The data START
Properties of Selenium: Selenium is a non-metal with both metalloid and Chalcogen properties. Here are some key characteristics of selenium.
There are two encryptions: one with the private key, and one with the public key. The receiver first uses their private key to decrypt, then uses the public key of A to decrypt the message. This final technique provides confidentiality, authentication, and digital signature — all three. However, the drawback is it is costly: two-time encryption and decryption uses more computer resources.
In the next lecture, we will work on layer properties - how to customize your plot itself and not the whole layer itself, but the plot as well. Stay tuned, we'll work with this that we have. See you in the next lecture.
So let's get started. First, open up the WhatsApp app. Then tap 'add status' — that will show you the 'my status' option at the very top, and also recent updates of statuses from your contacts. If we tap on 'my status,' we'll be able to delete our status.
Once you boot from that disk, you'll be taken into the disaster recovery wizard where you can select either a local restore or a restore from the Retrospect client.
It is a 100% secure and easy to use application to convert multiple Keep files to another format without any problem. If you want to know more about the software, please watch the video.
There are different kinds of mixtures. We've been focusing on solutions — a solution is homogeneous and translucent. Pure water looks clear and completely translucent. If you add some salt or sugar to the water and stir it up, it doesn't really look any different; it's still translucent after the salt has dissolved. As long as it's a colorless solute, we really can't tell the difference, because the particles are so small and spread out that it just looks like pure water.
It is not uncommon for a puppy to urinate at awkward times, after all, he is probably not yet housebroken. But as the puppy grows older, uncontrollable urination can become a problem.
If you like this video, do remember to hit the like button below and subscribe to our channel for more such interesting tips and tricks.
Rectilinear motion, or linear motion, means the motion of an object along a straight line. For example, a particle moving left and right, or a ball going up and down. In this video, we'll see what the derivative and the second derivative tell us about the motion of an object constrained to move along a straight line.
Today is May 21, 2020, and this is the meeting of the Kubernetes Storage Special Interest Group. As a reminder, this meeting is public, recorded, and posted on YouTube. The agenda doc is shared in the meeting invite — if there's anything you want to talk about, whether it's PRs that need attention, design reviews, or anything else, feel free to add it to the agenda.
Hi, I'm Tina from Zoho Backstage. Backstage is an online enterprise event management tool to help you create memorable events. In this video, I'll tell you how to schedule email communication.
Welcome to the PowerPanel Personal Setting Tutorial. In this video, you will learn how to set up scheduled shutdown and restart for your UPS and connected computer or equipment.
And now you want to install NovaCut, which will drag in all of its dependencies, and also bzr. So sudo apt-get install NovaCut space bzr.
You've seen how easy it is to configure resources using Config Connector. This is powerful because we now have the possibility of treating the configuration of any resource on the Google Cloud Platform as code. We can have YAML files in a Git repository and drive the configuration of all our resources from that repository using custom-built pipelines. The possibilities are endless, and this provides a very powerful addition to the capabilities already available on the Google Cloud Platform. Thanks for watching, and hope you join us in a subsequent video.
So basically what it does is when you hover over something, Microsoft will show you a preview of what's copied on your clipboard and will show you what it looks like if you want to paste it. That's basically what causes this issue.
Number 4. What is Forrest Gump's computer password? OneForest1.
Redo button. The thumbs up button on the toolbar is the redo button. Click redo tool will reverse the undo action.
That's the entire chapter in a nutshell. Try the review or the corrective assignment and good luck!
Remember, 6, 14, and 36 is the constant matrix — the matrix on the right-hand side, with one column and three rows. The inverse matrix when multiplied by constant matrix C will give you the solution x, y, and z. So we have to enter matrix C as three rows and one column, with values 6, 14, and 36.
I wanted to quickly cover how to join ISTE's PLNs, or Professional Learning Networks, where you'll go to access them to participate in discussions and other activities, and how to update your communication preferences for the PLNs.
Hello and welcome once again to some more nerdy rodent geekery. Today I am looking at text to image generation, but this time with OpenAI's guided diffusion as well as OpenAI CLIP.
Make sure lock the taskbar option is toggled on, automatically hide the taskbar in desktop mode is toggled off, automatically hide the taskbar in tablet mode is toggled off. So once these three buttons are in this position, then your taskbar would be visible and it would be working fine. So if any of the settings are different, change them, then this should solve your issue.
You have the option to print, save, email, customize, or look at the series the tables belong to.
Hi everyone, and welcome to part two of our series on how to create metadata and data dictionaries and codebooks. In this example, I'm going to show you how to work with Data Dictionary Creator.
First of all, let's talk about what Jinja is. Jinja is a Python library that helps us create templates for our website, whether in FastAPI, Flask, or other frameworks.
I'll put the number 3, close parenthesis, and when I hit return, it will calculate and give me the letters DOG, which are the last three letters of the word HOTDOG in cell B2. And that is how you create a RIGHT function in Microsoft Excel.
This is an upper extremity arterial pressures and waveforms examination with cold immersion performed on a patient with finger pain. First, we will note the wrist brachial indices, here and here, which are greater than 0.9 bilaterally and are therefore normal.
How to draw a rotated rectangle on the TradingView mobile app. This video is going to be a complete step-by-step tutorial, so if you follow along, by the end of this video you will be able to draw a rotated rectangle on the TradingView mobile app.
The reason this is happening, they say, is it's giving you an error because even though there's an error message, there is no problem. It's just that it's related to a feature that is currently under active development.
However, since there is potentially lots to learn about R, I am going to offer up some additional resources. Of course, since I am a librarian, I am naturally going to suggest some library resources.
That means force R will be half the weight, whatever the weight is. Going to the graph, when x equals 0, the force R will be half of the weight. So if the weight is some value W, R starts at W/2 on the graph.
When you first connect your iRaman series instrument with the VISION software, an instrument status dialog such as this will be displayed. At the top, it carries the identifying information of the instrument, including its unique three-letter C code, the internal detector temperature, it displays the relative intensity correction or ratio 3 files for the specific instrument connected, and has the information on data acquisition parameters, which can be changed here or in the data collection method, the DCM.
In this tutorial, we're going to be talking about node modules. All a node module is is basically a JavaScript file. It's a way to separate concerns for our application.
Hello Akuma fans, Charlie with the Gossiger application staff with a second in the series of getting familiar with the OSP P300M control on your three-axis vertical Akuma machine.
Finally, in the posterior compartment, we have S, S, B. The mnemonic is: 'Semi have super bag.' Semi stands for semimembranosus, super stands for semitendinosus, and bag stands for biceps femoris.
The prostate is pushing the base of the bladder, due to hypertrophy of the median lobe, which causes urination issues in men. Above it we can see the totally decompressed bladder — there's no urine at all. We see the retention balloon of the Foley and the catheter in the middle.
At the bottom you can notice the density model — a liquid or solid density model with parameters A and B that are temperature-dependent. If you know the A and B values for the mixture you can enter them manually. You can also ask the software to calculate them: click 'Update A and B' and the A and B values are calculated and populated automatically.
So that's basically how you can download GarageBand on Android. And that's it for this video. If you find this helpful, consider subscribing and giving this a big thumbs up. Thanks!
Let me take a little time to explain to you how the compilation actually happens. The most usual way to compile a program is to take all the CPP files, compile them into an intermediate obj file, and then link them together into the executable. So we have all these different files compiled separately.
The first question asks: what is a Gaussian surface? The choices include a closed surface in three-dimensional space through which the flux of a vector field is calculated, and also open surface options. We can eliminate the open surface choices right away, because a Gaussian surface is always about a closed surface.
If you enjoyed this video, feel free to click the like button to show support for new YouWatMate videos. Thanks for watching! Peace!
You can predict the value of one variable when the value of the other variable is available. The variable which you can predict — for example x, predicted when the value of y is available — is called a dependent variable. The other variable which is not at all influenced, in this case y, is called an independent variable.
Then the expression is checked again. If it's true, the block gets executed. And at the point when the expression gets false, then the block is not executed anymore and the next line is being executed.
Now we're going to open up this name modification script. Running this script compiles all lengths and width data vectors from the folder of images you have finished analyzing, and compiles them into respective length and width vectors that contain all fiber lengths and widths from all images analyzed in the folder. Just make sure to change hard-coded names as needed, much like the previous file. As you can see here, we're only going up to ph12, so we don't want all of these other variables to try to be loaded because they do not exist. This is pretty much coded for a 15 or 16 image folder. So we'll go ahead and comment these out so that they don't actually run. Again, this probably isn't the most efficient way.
The data END
Among the entries above, locate the lines containing "You have the" and "Hi everyone, and", and transcribe exactly those two lines and all lines between.

__Answer to the problem__.
You have the option to print, save, email, customize, or look at the series the tables belong to.
Hi everyone, and welcome to part two of our series on how to create metadata and data dictionaries and codebooks. In this example, I'm going to show you how to work with Data Dictionary Creator.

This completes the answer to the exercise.